The DGT devices were deployed in winter (July 2010), spring (October 2010) and summer (January 2011) at the Santos Shipyard in the same location each time (Figure 1).

The La Niña effect, which began in the spring of 2010 and ended in the autumn of 2011, was characterized by drought and reduced discharge of freshwater through the Patos Lagoon estuary. DGT deployment occurred in two different constant salinity conditions during each seasonal period with an interval of 7 days between each one. The seasonal deployments were initially planned to be conducted during low- and high-salinity water conditions in the estuary. However, the climate conditions in addition to the La Niña effect did not make deployment possible under both salinity conditions.

The total DGT deployment time was two days (48 h) for each hydrological condition. In total, 6 deployments were carried out, two in each seasonal period. Following a conceptual model of the distribution and behavior of dissolved metals vs. salinity in the Patos Lagoon estuary, the range of salinity was classified as low (0-6), intermediate (6-25) or high (above 25).²²

In each deployment period, four devices were attached to a rope fixed on a pier at 0.5 m depth about 10 m from the margin area of the estuary. Water samples were collected daily at the depth of the DGT devices using a Niskin bottle to determine pH (pH meter by Toledo, Model DM), temperature and salinity (conductivity with WTW brand, Model 315i). Water samples were also taken to measure the concentration of SPM, the labile particulate fractions (LPFs) of metals (Cu and Zn), dissolved organic carbon (DOC), and particulate organic carbon (POC).

After 48 h, the DGT devices were removed from the water, washed with ultrapure water, placed individually in plastic bags, and transported under refrigeration to the laboratory. In each period, two DGT devices were randomly selected as control devices, and were not deployed in the water column. Instead, they were transported to the field in clean plastic bags and subsequently returned to the laboratory. The DGT control averages (n = 12) of the method detection limits (3σ) in July and October of 2010 and in January of 2011 were 0.041 µg L^-1 for Cu and 0.12 µg L^-1 for Zn.

Laboratory procedure

Trace metals were eluted from the resin gels (Chelex-100) (gel volume = 0.15 mL) of each DGT device with 1.0 mL of 1 mol L^-1 Suprapur^® (Merck, Germany) nitric acid and kept under refrigeration (4 ºC) until analysis.²⁰

Duplicate water samples (500 mL) were filtered through a 0.45 µm filter membrane of cellulose nitrate (Sartorius, Germany) that had been previously washed in 0.14 mol L^-1 Suprapur^® (Merck, Germany) nitric acid solution and rinsed with ultrapure water for the subsequent simultaneous analysis of SPM and the LPFs (Cu and Zn). After water filtration, the filters with the particulate material were washed with ultrapure water to reduce chlorides and dried in an oven at 60 ºC.^33,34

The filters for the analysis of LPF fractions were leached with 0.1 mol L^-1 Suprapur^® (Merck, Germany) hydrochloric acid for 24 h under continuous shaking at room temperature. The leaching solution was left to rest for 5 h to allow for complete decantation of the solids and was subsequently filtered with a Whatman no. 44 filter. The resulting extracts were transferred to 25 ml volumetric flasks and filled with 0.1 mol L^-1 Suprapur^® (Merck, Germany) hydrochloric acid solution.²⁵

The analysis of DOC was performed according to Spyres et al.³⁵The samples were acidified with hydrochloric acid, which converted all of the inorganic carbon species into carbon dioxide, and then analyzed using a Total Organic Carbon (TOC) Elemental Analyzer (Shimatzu Brand, Model TOC V - Series).

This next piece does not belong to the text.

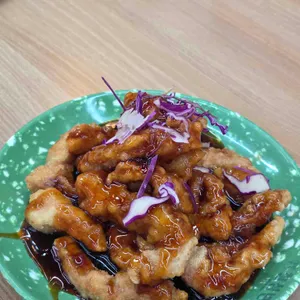 칠성반점 사진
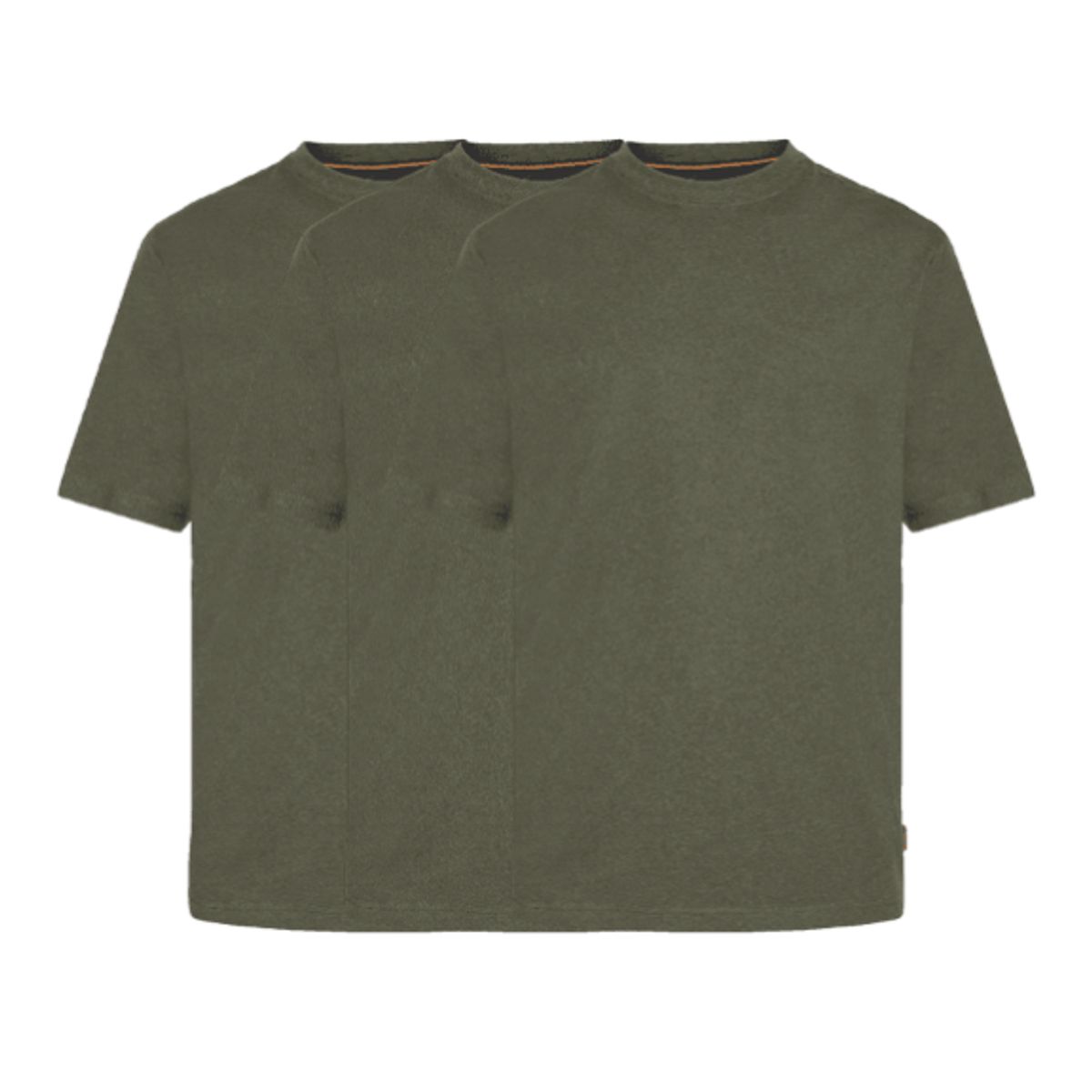 Signal 3-pak T-shirt Eddy Organic-medium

The analysis of POC followed the method described by Ehrhardt and Koeve.³⁶ Prior to analysis, the samples were fumed with concentrated hydrochloric acid (Merck, Germany) for 24 h to remove the carbonate fraction and then analyzed using a CHNS/O Elemental Analyzer (Series 2400, Perkin Elmer). The volume of the water filtration was considered during the analysis and the results of POC were expressed in mg L^-1 as a relative concentration.

All of the materials used for the analysis of trace metals and TOC were washed previously with a 20% solution (v/v) of nitric acid and hydrochloric acid (Merck, Germany).

The concentrations of Cu and Zn in the eluted solution of each Chelex-100 resin gel were analyzed using graphite furnace atomic absorption spectrometry (GFAAS) (Analyst 600, Perkin Elmer) equipped with a transversely heated graphite atomizer (THGA^TM) and a longitudinal Zeeman-effect background correction. A hollow cathode lamp (HCL) was used for Cu (324.8 nm) and Zn (213.9 nm). The Cu pyrolysis temperature was 1200 ºC and the atomization temperature was 2000 ºC, while the Zn pyrolysis temperature was 500 ºC and its atomization temperature was 1900 ºC. Argon was used as the purge gas.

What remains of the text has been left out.